**Task directions:** Span requested from the data below: the line with "Copertura posteriore in" through the line with "Kit de Suspensão", both included. Give only these lines again, exactly, and leave every picture out.

**Source material:**
⁂
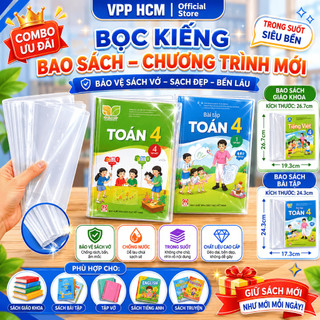 [Combo Ưu Đãi] Bìa Bao Kiếng Bảo Vệ Tập Vở - Sách Bài Tập - Sách Giáo Khoa Chương Trình Mới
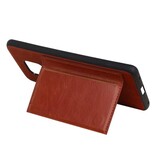 Copertura posteriore in piedi 1 passata per Huawei Mate 20 Brown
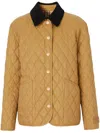 BURBERRY QUILTED CORDUROY COLLAR JACKET FOR WOMEN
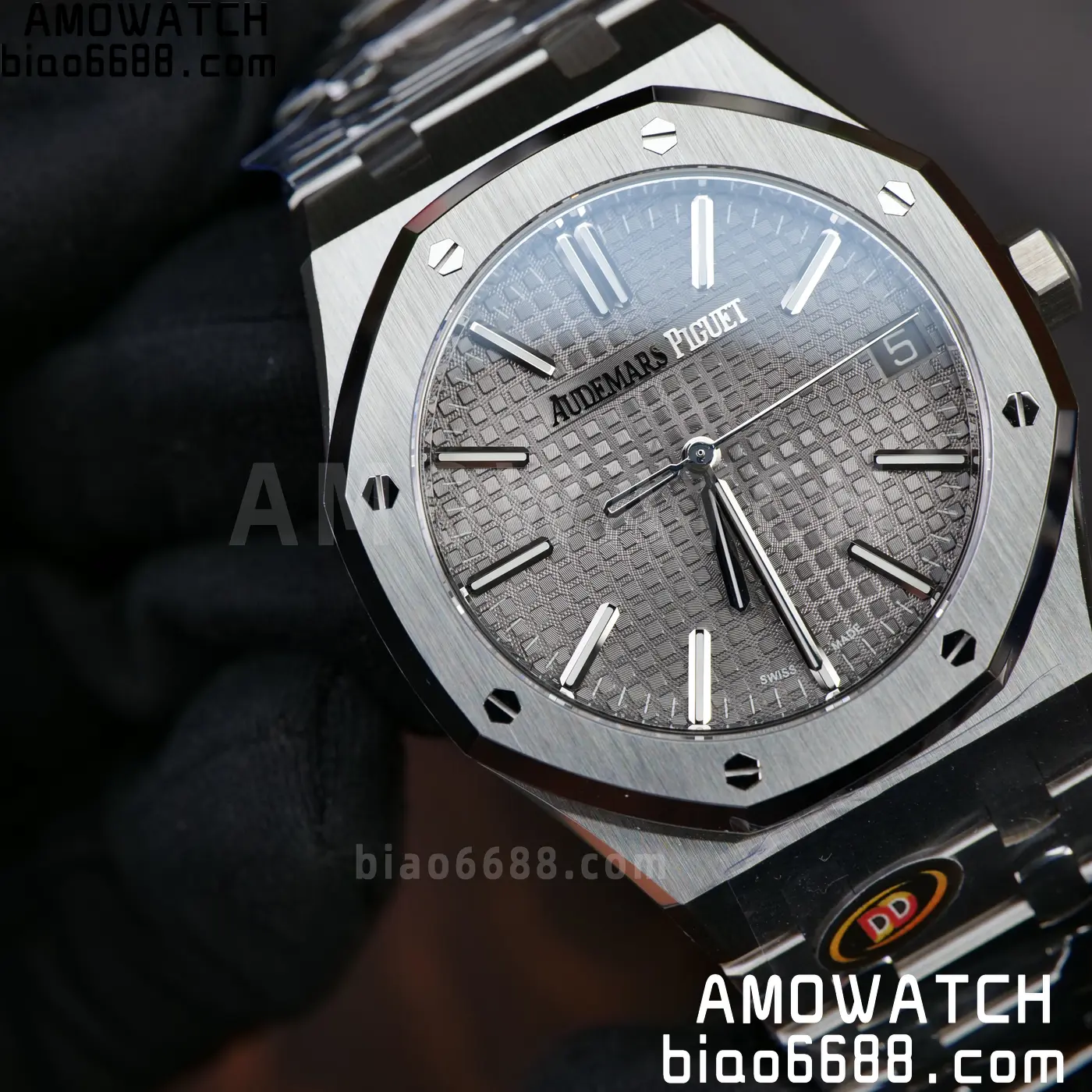 AP Royal Oak 41mm 15510ST SS DDF 1:1 Best Edition Gray Dial on SS Bracelet SA4302 Super Clone 80 f11eec6bc3afb82 AMO Watch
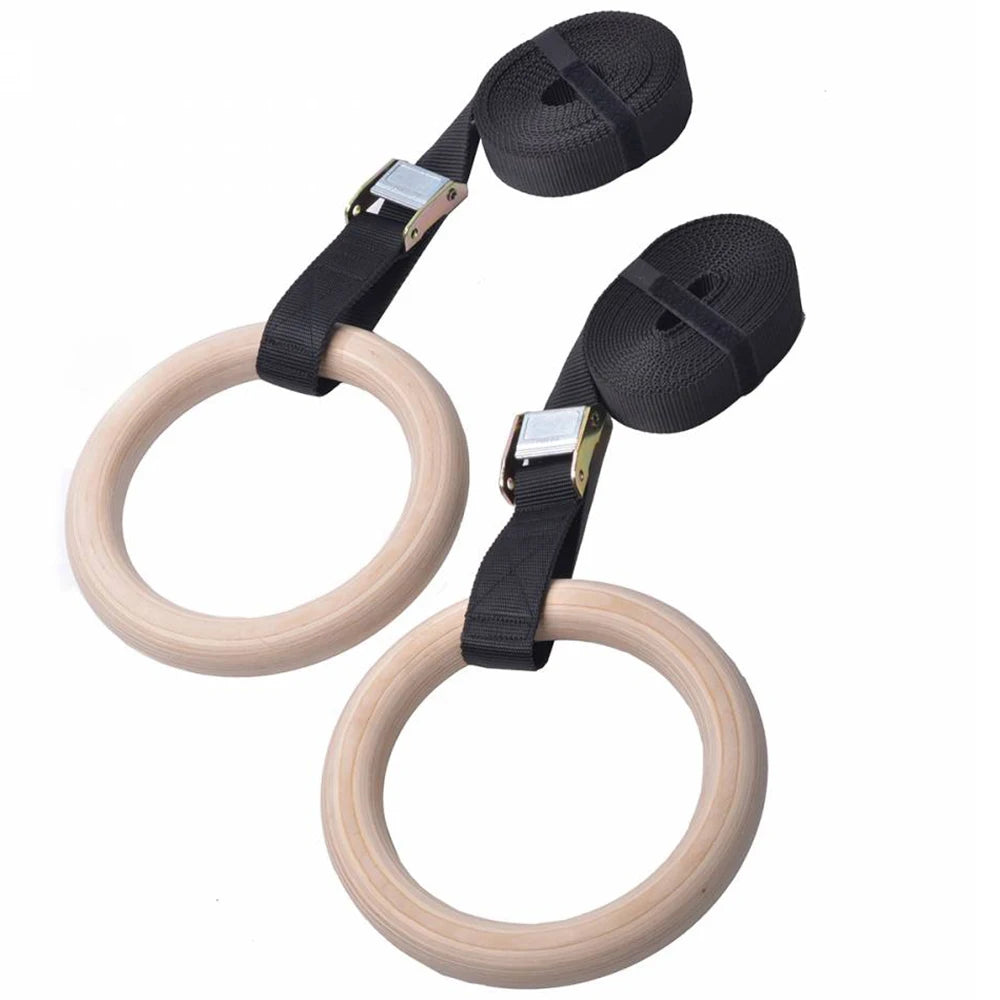Kit de Suspensão de Madeira Lorben para Crossfit e Ginástica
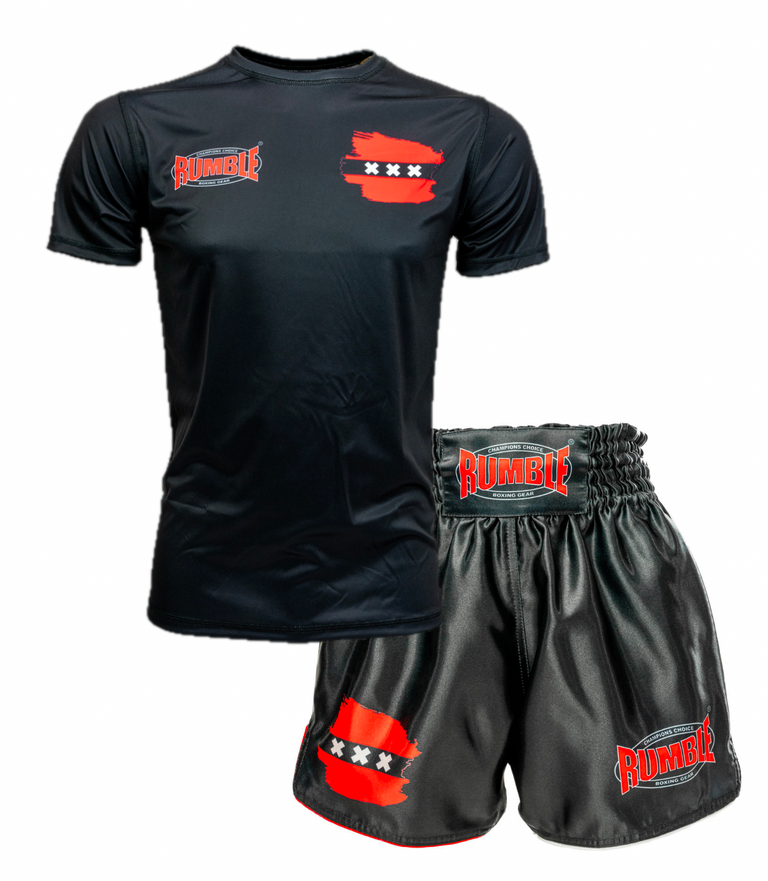 Rumble Clothing Set T-shirt RTS-68 and Shorts RS-118 Amsterdam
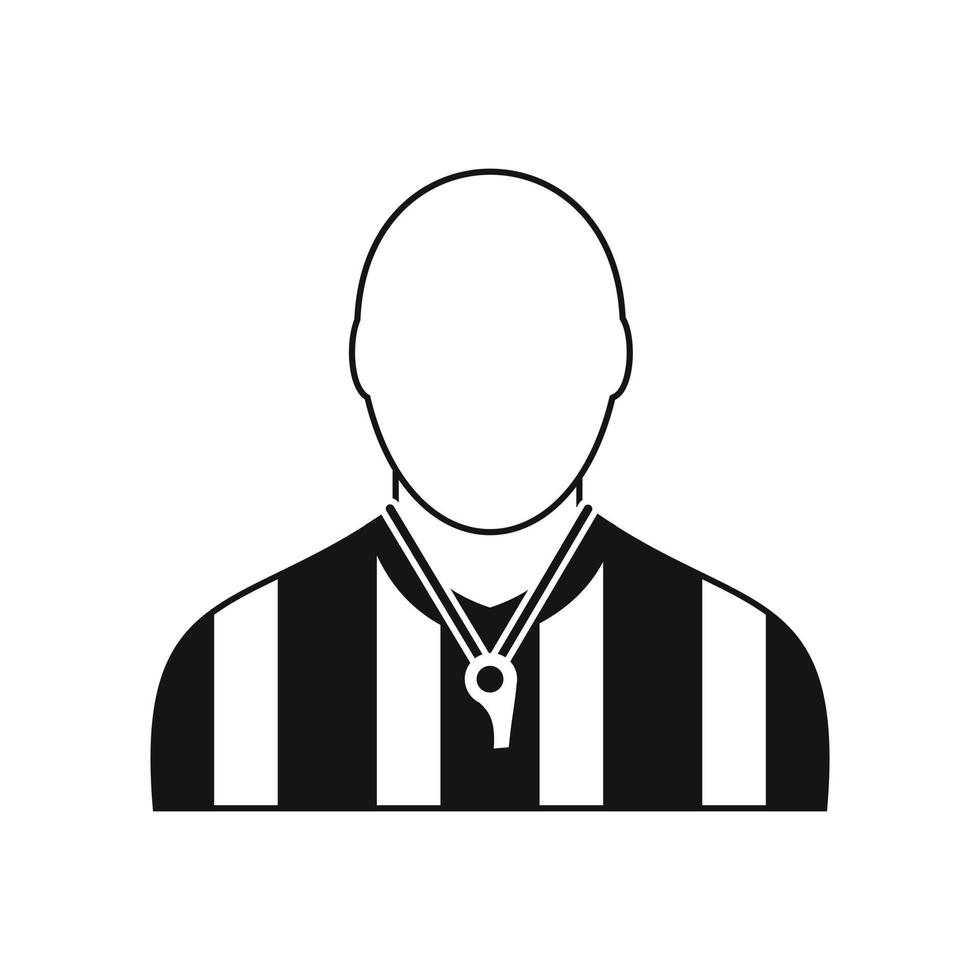 Referee black simple icon vector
⁂
**Exercise response:**
 Copertura posteriore in piedi 1 passata per Huawei Mate 20 Brown
 BURBERRY QUILTED CORDUROY COLLAR JACKET FOR WOMEN
 AP Royal Oak 41mm 15510ST SS DDF 1:1 Best Edition Gray Dial on SS Bracelet SA4302 Super Clone 80 f11eec6bc3afb82 AMO Watch
Kit de Suspensão de Madeira Lorben para Crossfit e Ginástica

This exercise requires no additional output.